MID-CRETACEOUS MAGMATISM OF THE BERING STRAIT REGION (SEWARD PENINSULA, ST. LAWRENCE ISLAND, AND CHUKOTKA): A REVIEW WITH NEW ZIRCON U-PB AGES

Cretaceous magmatism covers a vast area on both sides of the Bering Strait. Chukotka volcanism includes the Okhotsk-Chukotka volcanic belt (OCVB) from 106–77 Ma (Akinin and Miller, 2011). Volcanics from Provideniya are poorly dated but similar in age based on cross-cutting plutons (Calvert, 1999) and flora. St. Lawrence Island (STL), between Alaska and Chukotka, has trachytes and rhyolites with 106–101 Ma zircon ages, coeval with the oldest OCVB rocks. In Chukotka there are Albian (116-100 Ma) extension-related granitoids and Turonian (92-88 Ma) calc-alkaline tin-bearing granites (Akinin et al., 2012). The potassic intrusion at Cape Dezhnev is 110 Ma. Little Diomide granite is 109 Ma. On STL the western plutonic rocks are 113–99 Ma. STL has an alkaline (potassic) suite including 112 Ma syenite and 102-100 Ma “syenodiorite”. Seward Peninsula also has older, small-volume potassic rocks in the Kigluaik Mts. at 110 Ma. This was followed by 91 Ma diorite intrusions. The composite Kigluaik pluton has an 85±1 Ma felsic cap and 84±2 Ma mafic enclaves (neither previously dated) overlapping with an 84 Ma diabase dike swarm. In the Bendeleben Mts., sillimanite-bearing leucogranites are ~104-98 Ma followed by 91-84 Ma dioritic to monzogranitic plutons and dikes. The Darby pluton is 98 Ma. The Grand Singatuk pluton with miarolitic cavities is 78 ± 2 Ma, likely coeval with tin granites on Seward Peninsula and Chukotka, and represents the end of the Cretaceous magmatic episode in the Bering Strait region. Ar-Ar cooling ages are generally 2-4 m.y. younger than zircon ages except in the Bendelebens where 104-98 Ma granites yield 84–82 Ma ages.

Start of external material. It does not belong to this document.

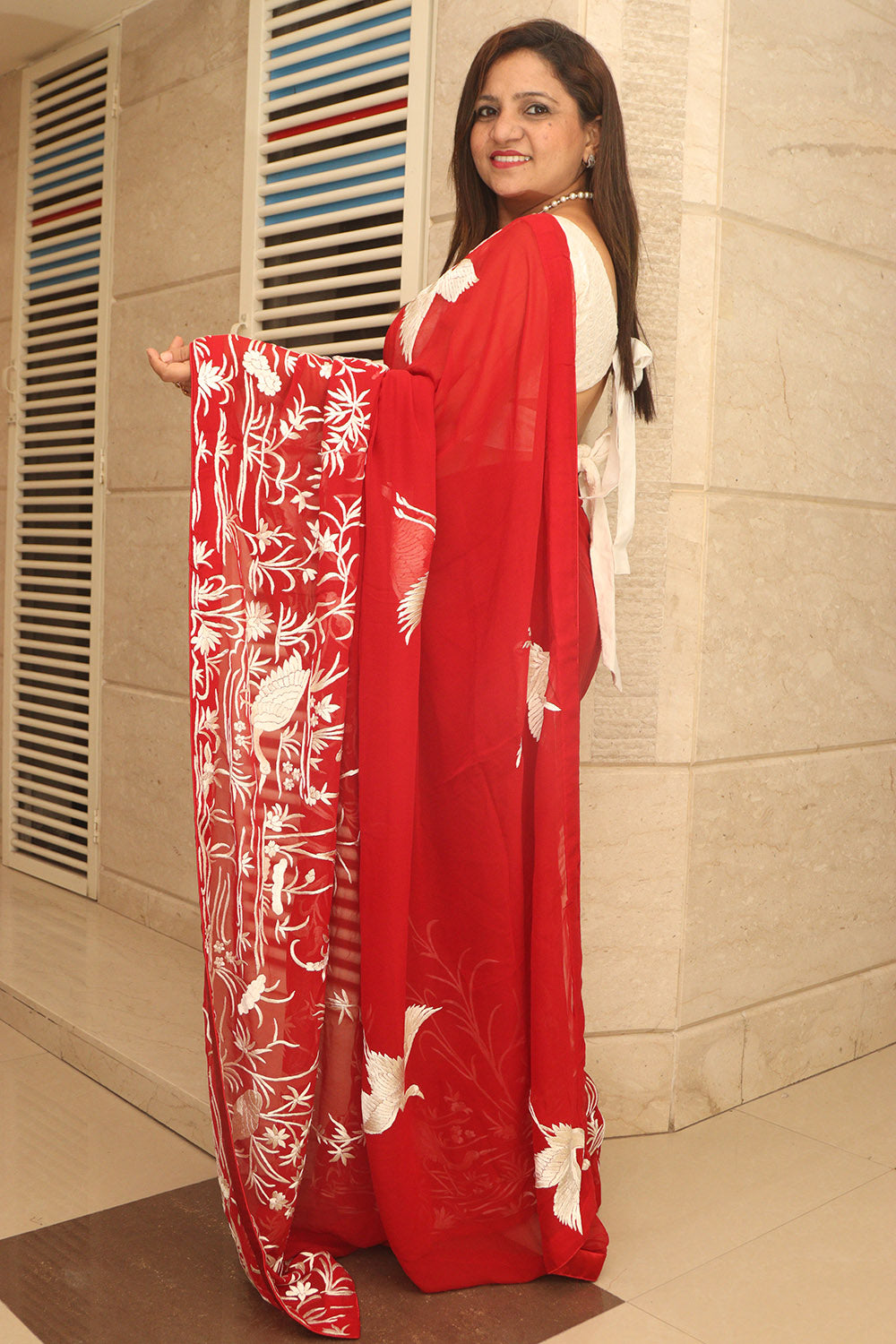 Red Parsi Gara Hand Embroidered Pure Georgette Bird Design Saree - Luxurion World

Magmatism in the region can be broadly characterized as Andean-type, represented by the OCVB and volcanic rocks in Provideniya and STL. North of this belt, plutonism associated with extensional gneiss domes may be related to back-arc extension from a southward-migrating slab. The transition from highly potassic to high-K calc-alkaline to S-type magmatism likely reflects early small-degree partial melting of the mantle and increasing incorporation of crustal components. The presence of mafic plutonic rocks may reflect higher magnitude extension and/or exhumation to expose deeper crustal levels.